Multi-Profile Deployments
Maintain separate stacks for each encoding profile:
| Profile | Target | Notes |
|---|---|---|
| HLS adaptive bitrate | Web playback | 1080p/720p/480p/360p ladder, fMP4 segments |
| Broadcast archive | Long-term storage | ProRes 422 HQ or DNxHR — CPU-encoded on x86 nodes |
| Social clips | Short-form platforms | H.264/AV1, vertical and square crops |
| Proxy generation | Editorial workflows | Low-res H.264, fast encode for NLE preview |
Each profile is a separate stack with a different PRESET value. Deploy all profiles to the same cluster. The queue routes job types to the matching worker — Jetson nodes handle the volume, x86 GPU servers handle the exceptions.
Multi-Profile Routing
Scaling the Fleet
Jetson nodes are inexpensive enough that horizontal scaling is usually the right answer. Add nodes, join the cluster, workers start picking up jobs automatically. No queue reconfiguration, no storage changes.

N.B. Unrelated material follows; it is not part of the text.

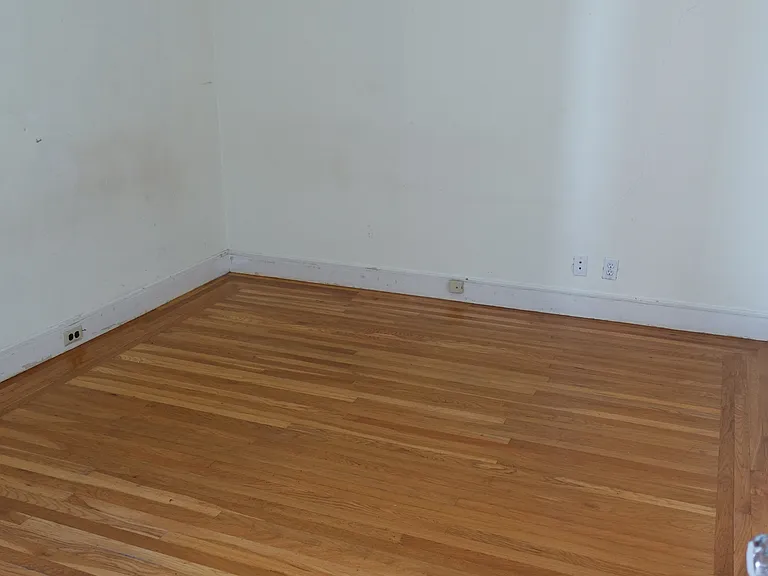 2573 Virginia St #A — Photo 10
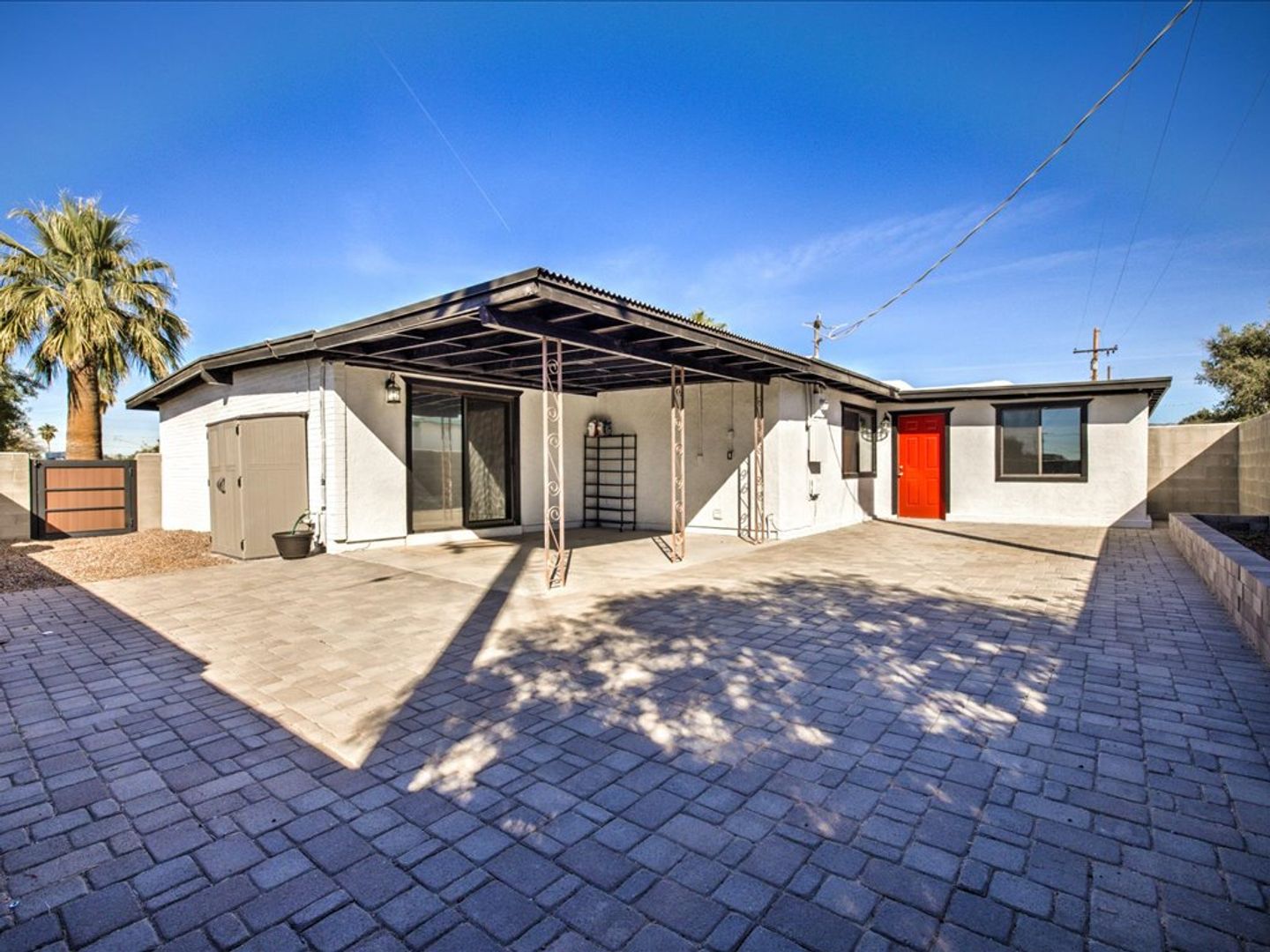 Tucson House: 843 S Sarnoff Dr.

For temporary capacity spikes, rent cloud GPU nodes, join them to the cluster with an x86 worker template, and remove them when the backlog clears.
Scaling Lifecycle
Job kind for batch processing — For a one-time migration or catalogue re-encode, use kind: Job instead of a deployment. The job processes the queue and stops when complete. PodWarden records run duration and exit code. Batch jobs don't idle after finishing — important when running on rented nodes.
Networking
Jetson nodes behind NAT (home labs, edge deployments) connect via Tailscale mesh — no public IP needed. PodWarden auto-detects Tailscale-connected nodes and tags them mesh. The MinIO, Redis, and Vault instances on your mesh are reachable from all worker nodes.
For latency-sensitive live transcoding, co-locate Jetson nodes with your ingest infrastructure on the same LAN. Tag those nodes lan and set the worker template to require lan connectivity — PodWarden schedules only on nodes that can reach the ingest source.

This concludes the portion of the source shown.